Agent Patterns
Lab is built for agents. These patterns show how agents use sandboxed code and saved results to do real work — not toy demos, but workflows where "it works" becomes a URL you can verify.
Every run saves a result. For successful runs, that result can also serve as the proof artifact, handoff artifact, or review artifact.
Prove It
The core pattern.
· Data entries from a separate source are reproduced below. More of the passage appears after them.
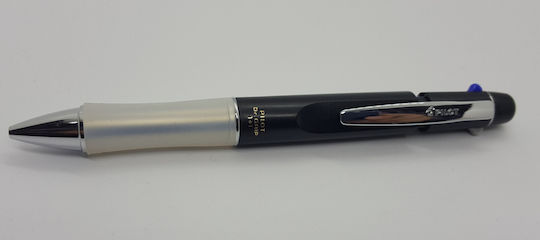Pilot Grip Creion mecanic Negru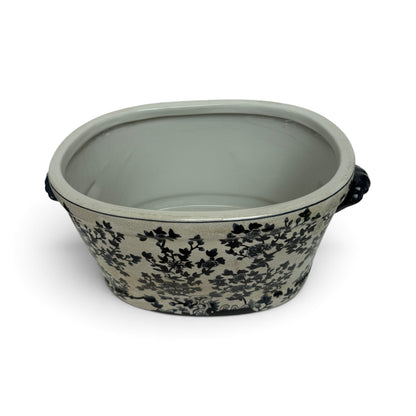 Mandalay Large cache pot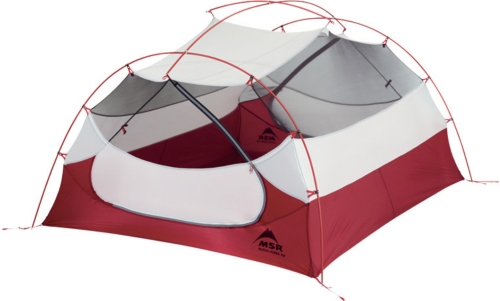 Mutha Hubba NX 3 Person Backpacking Tent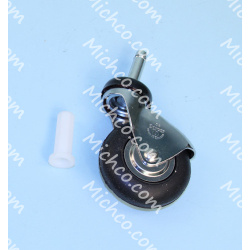 Image of product CASTER WITH INSERT - OB KIT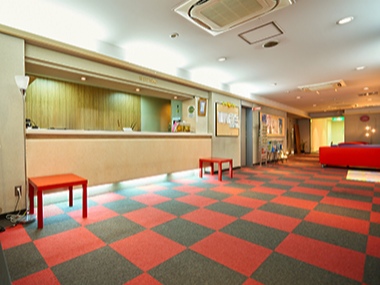 ホテルセレクトインいわき駅前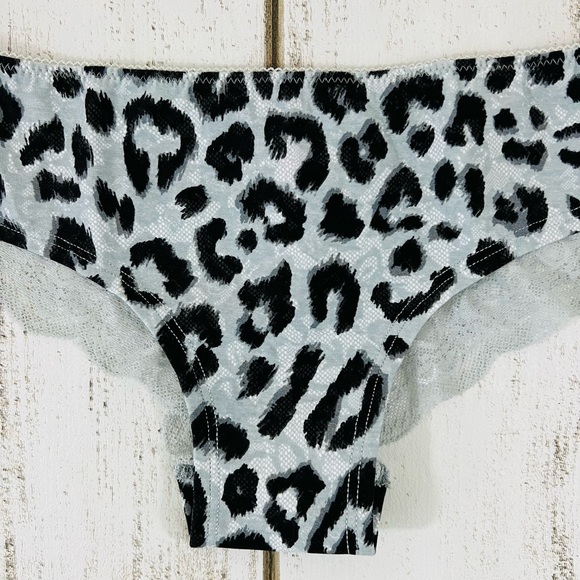 VS PINK Extra Low Rise Hipster Small Vintage - Picture 2 of 6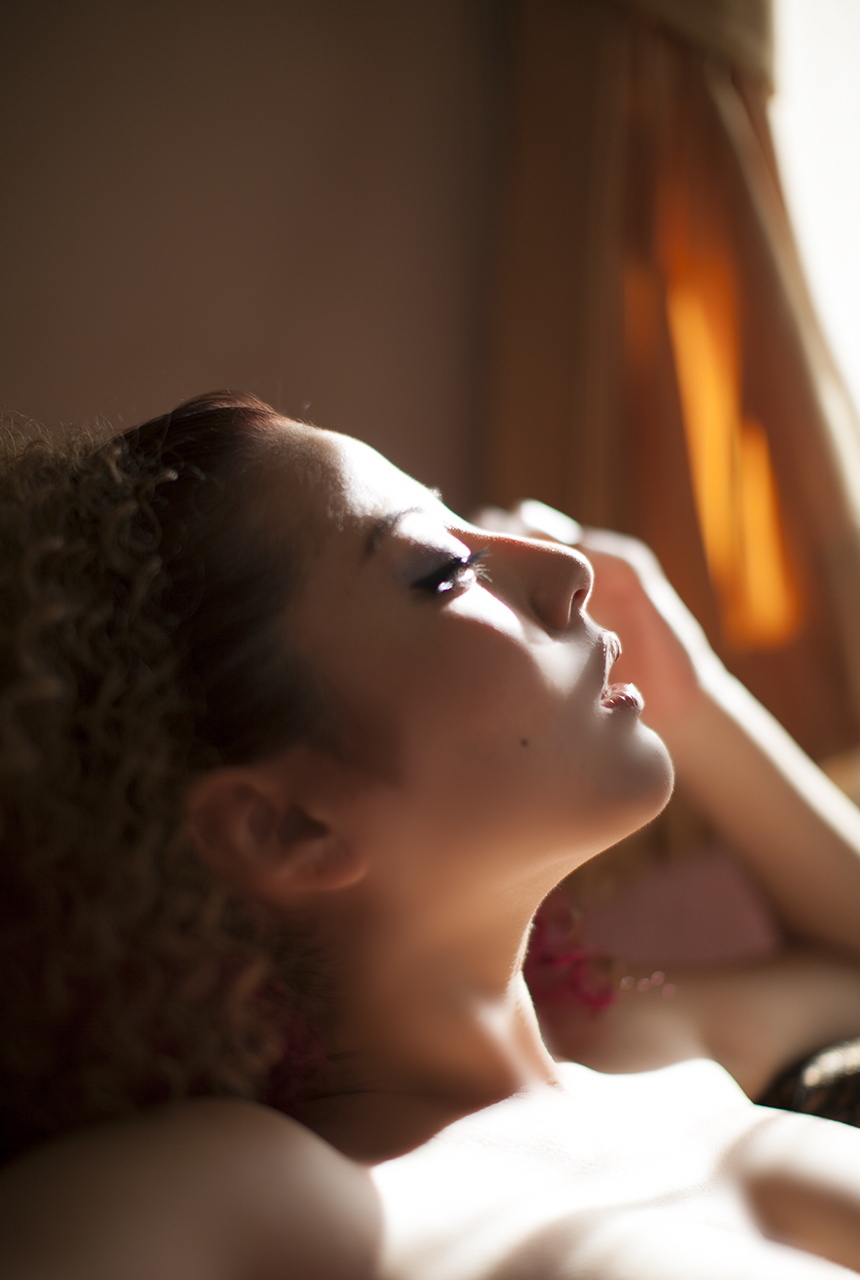 [Image.tv] Yumi Sugimoto 杉本有美 前篇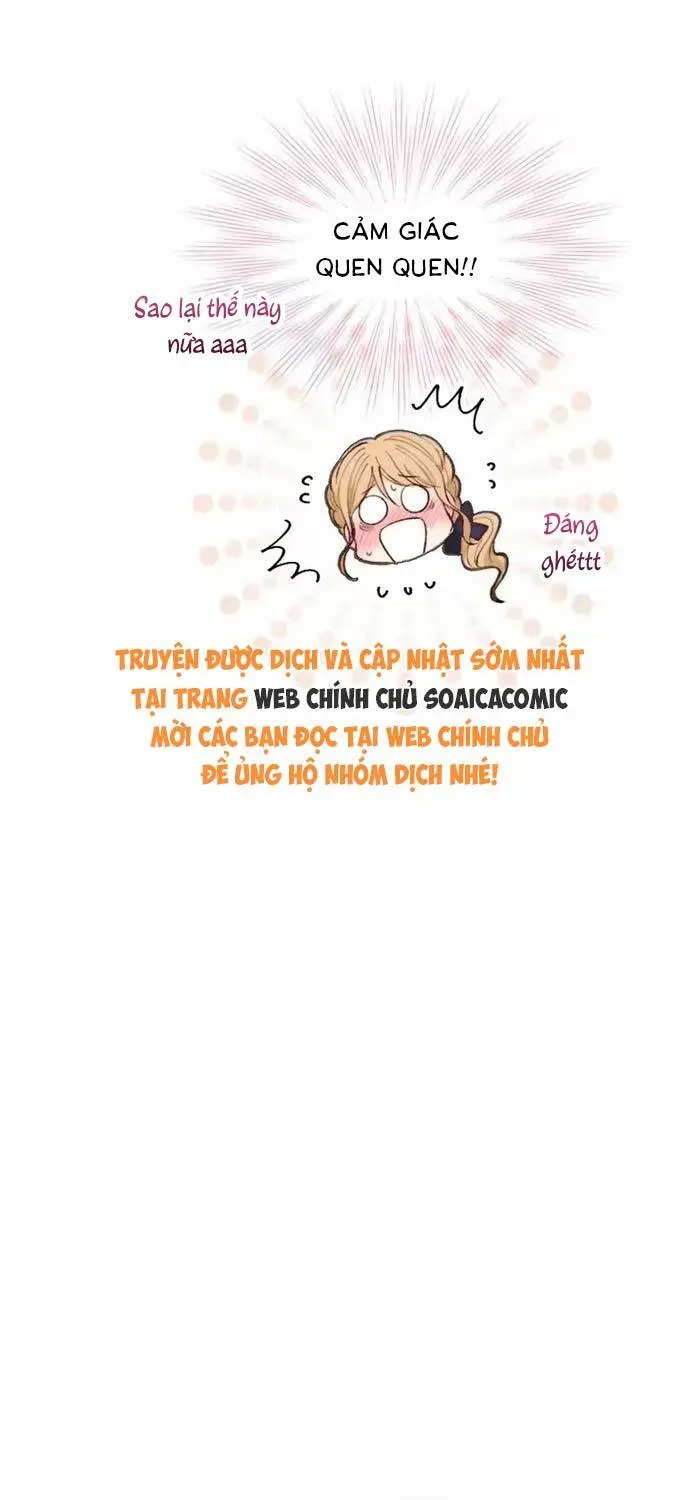 Bệ Hạ, Xin Hãy Ghét Ta Chapter 16 - 6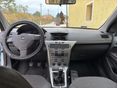 OPEL ASTRA H 2009/7 - 11
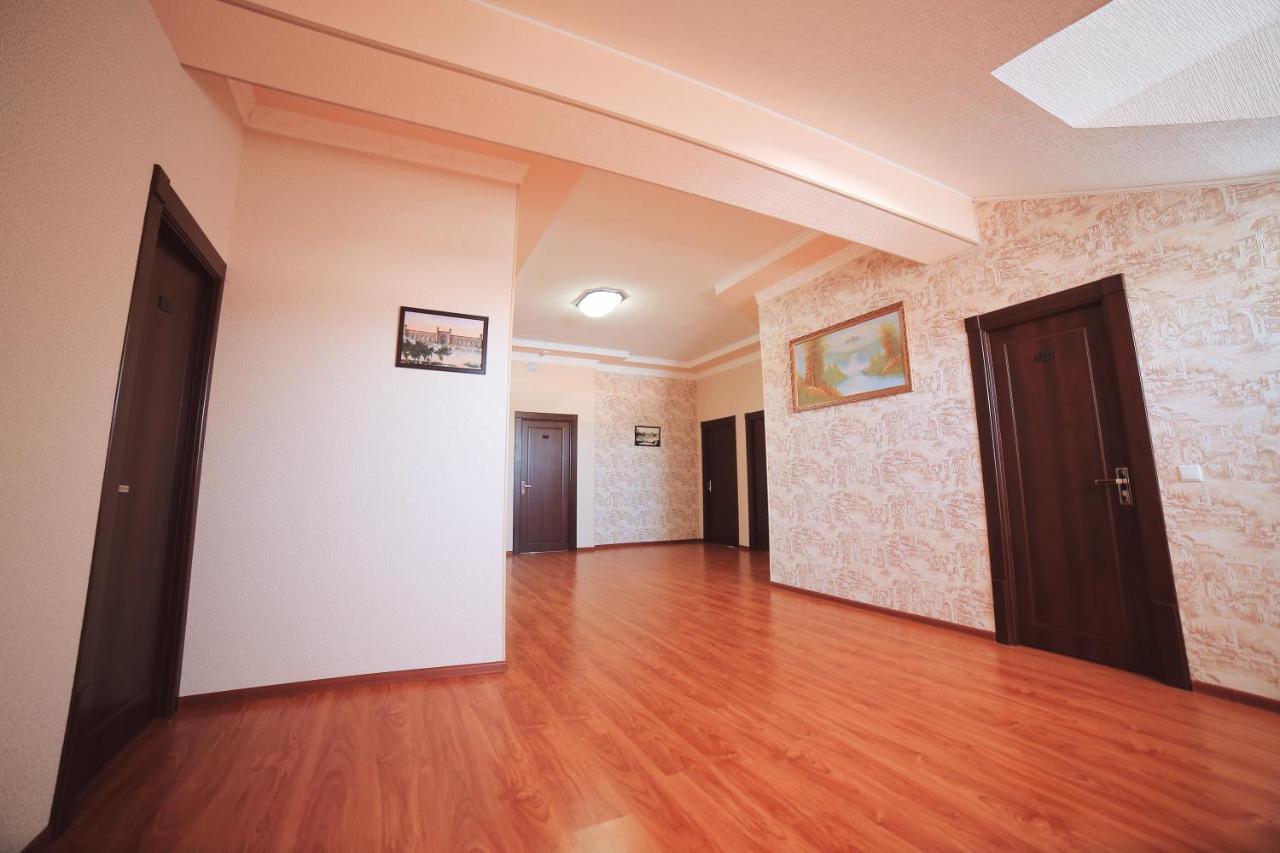 Asr Hotel Kokand Екстер'єр фото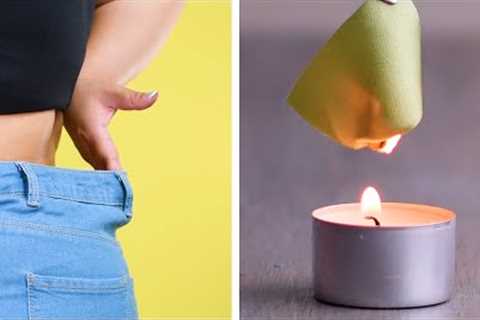 15 Sewing hacks and gadgets when you needle little help! Blossom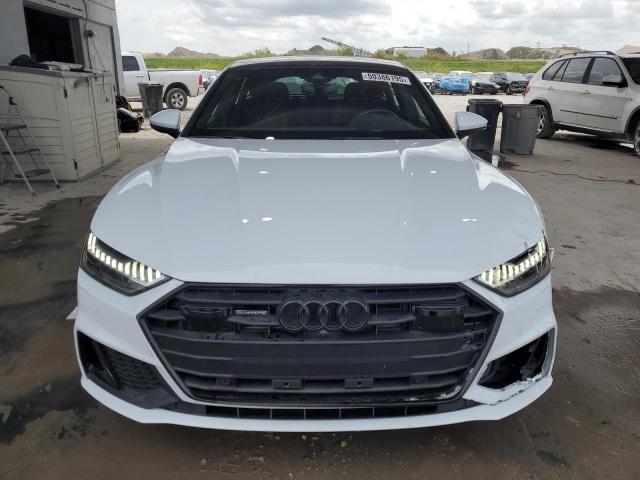 2021 AUDI A7 E PREMI WAUTPBF21MN082128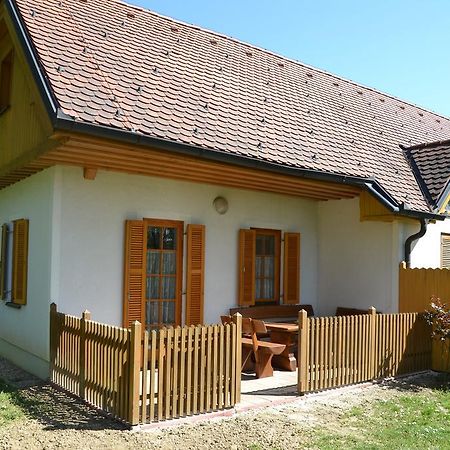 Apartma Marjetica 47 Moravske Toplice Exterior foto
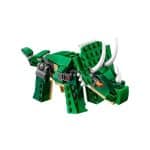 LEGO 31058 CREATOR - MIGHTY DINOSAURS - Image 4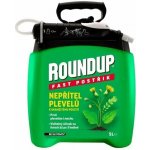 Roundup Fast postřik bez glyfosátu 5 l – Hledejceny.cz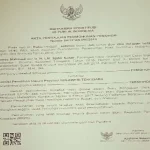 Rusda – Sjafei Resmi Layangkan Gugatan ke MK Rusda – Sjafei Resmi Layangkan Gugatan ke MK
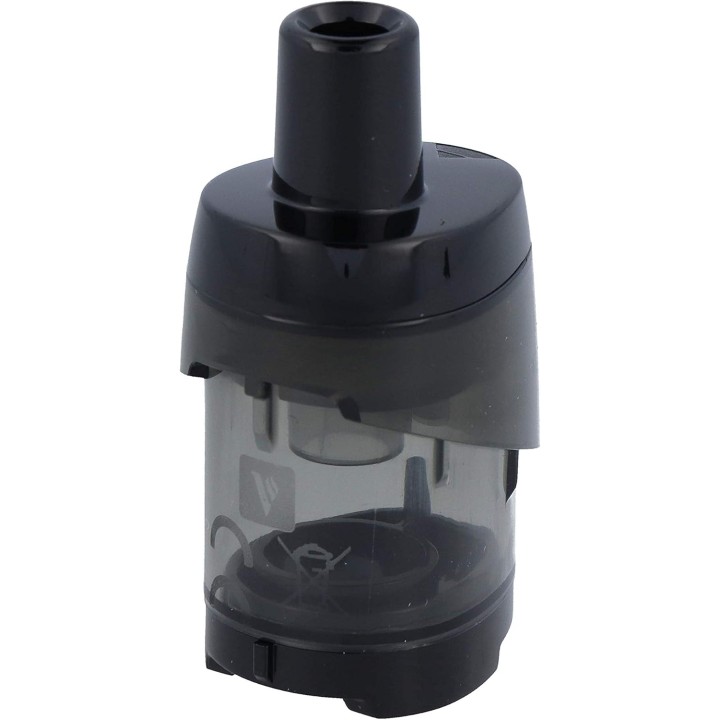 Vaporesso Target PM30 Kartuş, siyah, şeffaf yedek tank.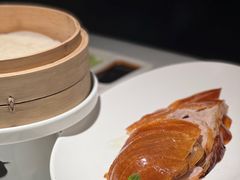 -四季民福烤鸭店(前门店)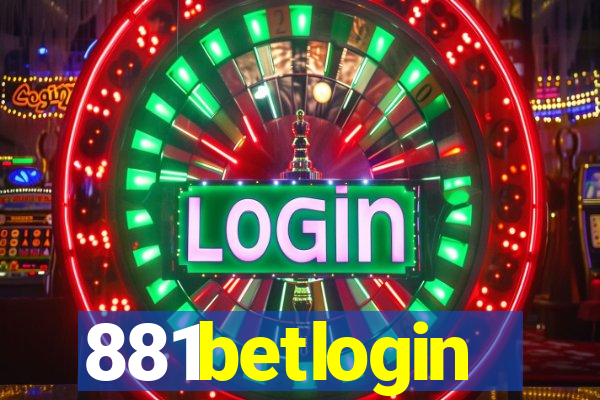 881betlogin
An agent makes a claim — "this function handles edge cases." Instead of asserting, it proves.
How it works:
- Agent defines the edge cases and expected outputs
- Agent implements the function in a fresh sandbox and runs every case
- Final step asserts every result and returns a verdict
In a successful Prove It run, the result shows the cases, actual outputs, pass flags, and final verdict. That run's JSON is the proof artifact you can share.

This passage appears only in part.